厄介者を有効活用!牛糞を燃料に 排ガスを“メタネーション”の可能性【SDGs】[2022/09/22 23:30]

そのゲップで、温室効果ガス・メタンを排出してしまうことから、いま、何かと嫌われてしまっている“牛”。しかし、北海道の小さな町で、牛のあるものを利用した新たなエネルギー開発が進められていました。

酪農の町・鹿追町と民間企業が一緒になって作った国内初の牛の糞尿を原料とした水素エネルギー。毎日、約1300頭分、100トンの糞尿が集められると、発酵槽と呼ばれるドームの中で、38度で温められます。すると、糞尿中に含まれる微生物が分解を促進。発酵が進むことで生まれるバイオガスが発生します。そのバイオガスを水蒸気と反応させて、水素を製造します。

現在、1日の製造量は約150キロ。燃料電池車30台を満タンにする量が製造可能だといいます。そこで町は、公用車10台を燃料電池車に変更。酪農の町が牛の糞尿で、カーボンニュートラルに挑んでいます。

神奈川県小田原市の清掃工場では、地球温暖化の原因である“二酸化炭素”を活用した世界初の研究が行われていました。
日立造船環境事業・大地佐智子理事:「こちら排ガスから天然ガスを作り出すメタネーション施設になります」

この施設で行われているのは“メタネーション”という、いま、注目の環境負荷の低いエネルギー製造法。温室効果ガスである二酸化炭素に水素を結合させることで、牛のゲップと同じメタンを作る技術です。

実は、メタンは空気中に放出されると、地球温暖化の原因となる嫌われ者となりますが、温度、濃度などを管理して製造すると、家庭で使う都市ガスの原料となります。

1911年にフランスの化学者、ポール・サバティエが発見したというメタンガス製造法“メタネーション”。ようやく今年、世界で初めて、実際のゴミ処理場での実証実験に成功しました。

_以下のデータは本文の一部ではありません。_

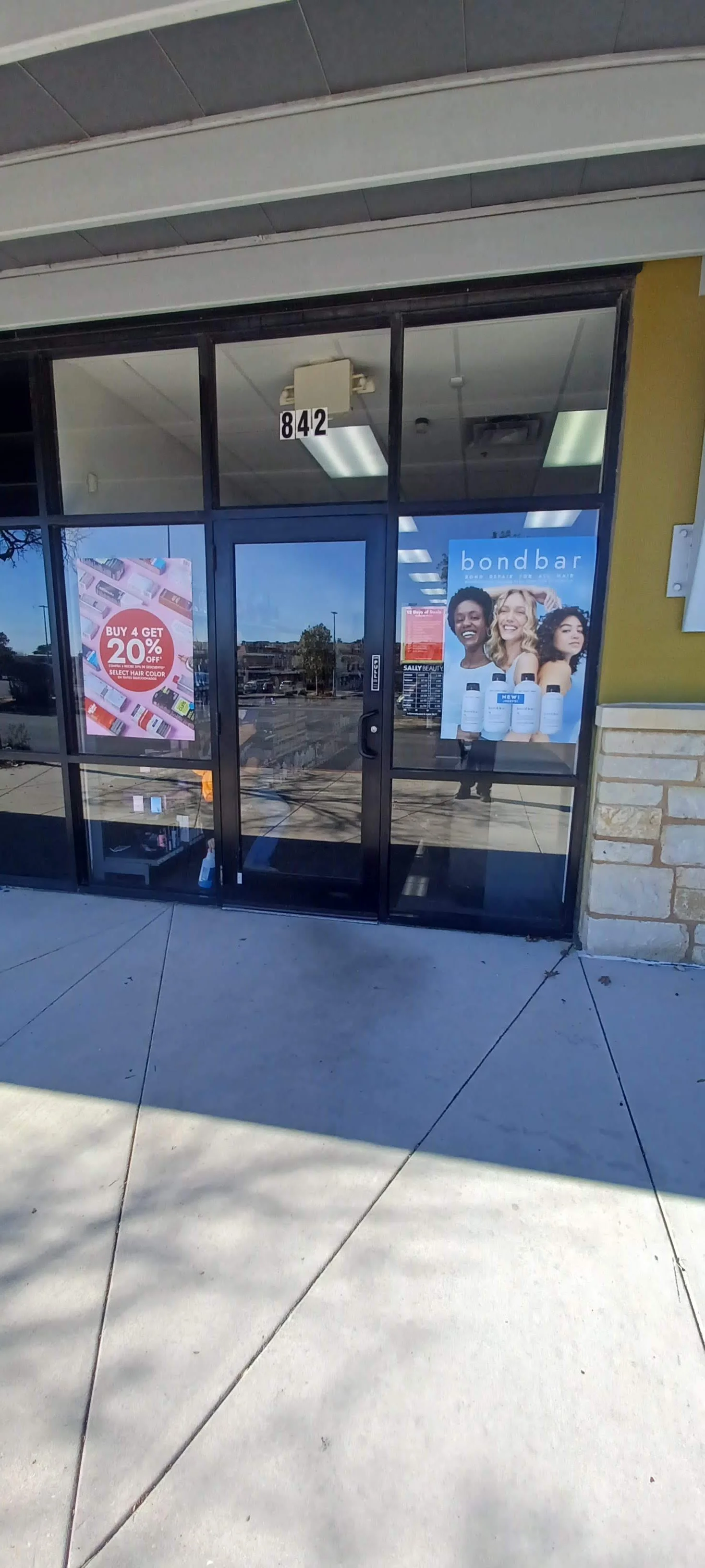 The storefront is made of glass with signs advertising a sale on hair color and beauty products. The store number 842 is in the top window, and there are posters of smiling women and bottles of hair care products inside.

清掃工場の煙突から分岐する太いパイプ。排ガスは、約300メートルあるパイプの中を通り、清掃工場の裏手にあるメタネーション施設へと送られていきます。そして、施設の中で水素と合成され、都市ガスの原料であるメタンに生まれ変わります。
日立造船環境事業・大地佐智子理事:「大体2600世帯分のガスを供給できるような設備になっています」


厄介者の二酸化炭素を再利用することから“カーボンリサイクル”とも呼ばれるメタネーション技術。資源エネルギー庁では、2050年までにガス全体の90%をメタネーションで作った合成メタンにすることを目標に設定しています。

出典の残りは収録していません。